EXERCISE BRIEF: All of the data below should come back exactly as written, minus its images.

RECORDS FOR THIS EXERCISE:
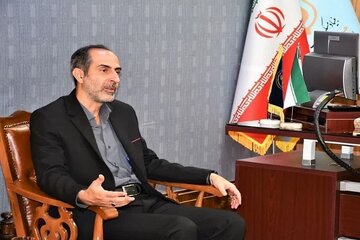 سیستان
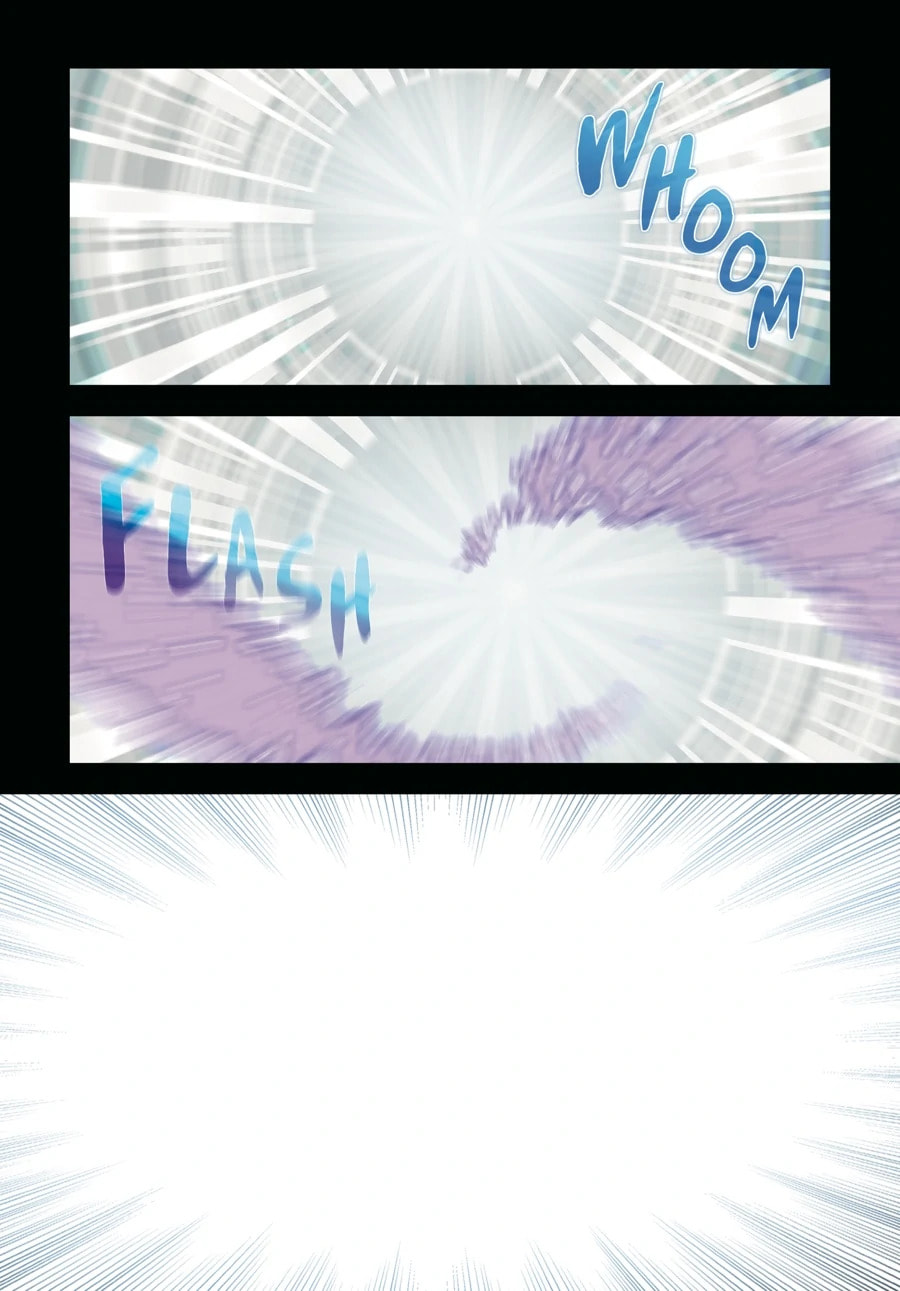 Read Solo Leveling chapter 35 image 88 on Lezhin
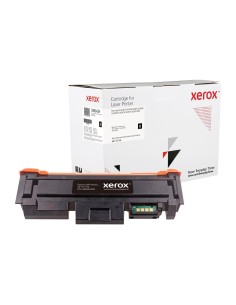 Everyday Toner Mono compatibile con Samsung MLT-D116L, Resa standard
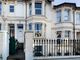 Thumbnail Terraced house for sale in Richmond Street, Brighton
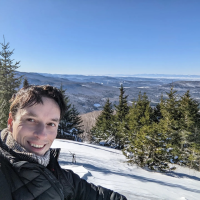 sexandhiking
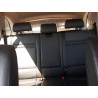 2013 BMW X5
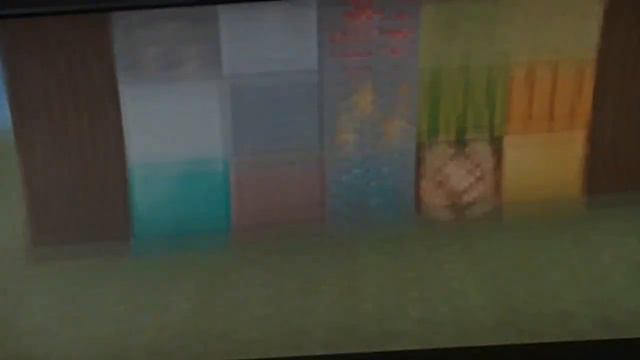 Minecraft Bedrock Para PS3? || Review de la MCBE 1.85d PreRelease Part 1 + Como instalarlo смотреть онлайн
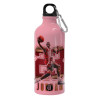 Water bottle 600ml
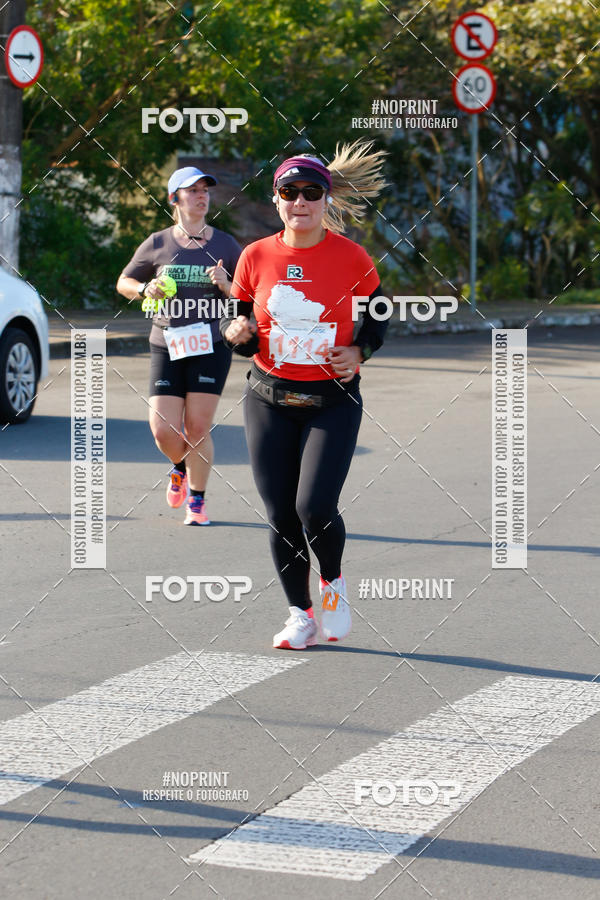 Buy your photos of the eventCorrida da Advocacia Gacha on Fotop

PROBLEM SOLUTION:
 سیستان
 Read Solo Leveling chapter 35 image 88 on Lezhin
 Everyday Toner Mono compatibile con Samsung MLT-D116L, Resa standard
 Thumbnail Terraced house for sale in Richmond Street, Brighton
 sexandhiking
 2013 BMW X5
 Minecraft Bedrock Para PS3? || Review de la MCBE 1.85d PreRelease Part 1 + Como instalarlo смотреть онлайн
 Water bottle 600ml
 Buy your photos of the eventCorrida da Advocacia Gacha on Fotop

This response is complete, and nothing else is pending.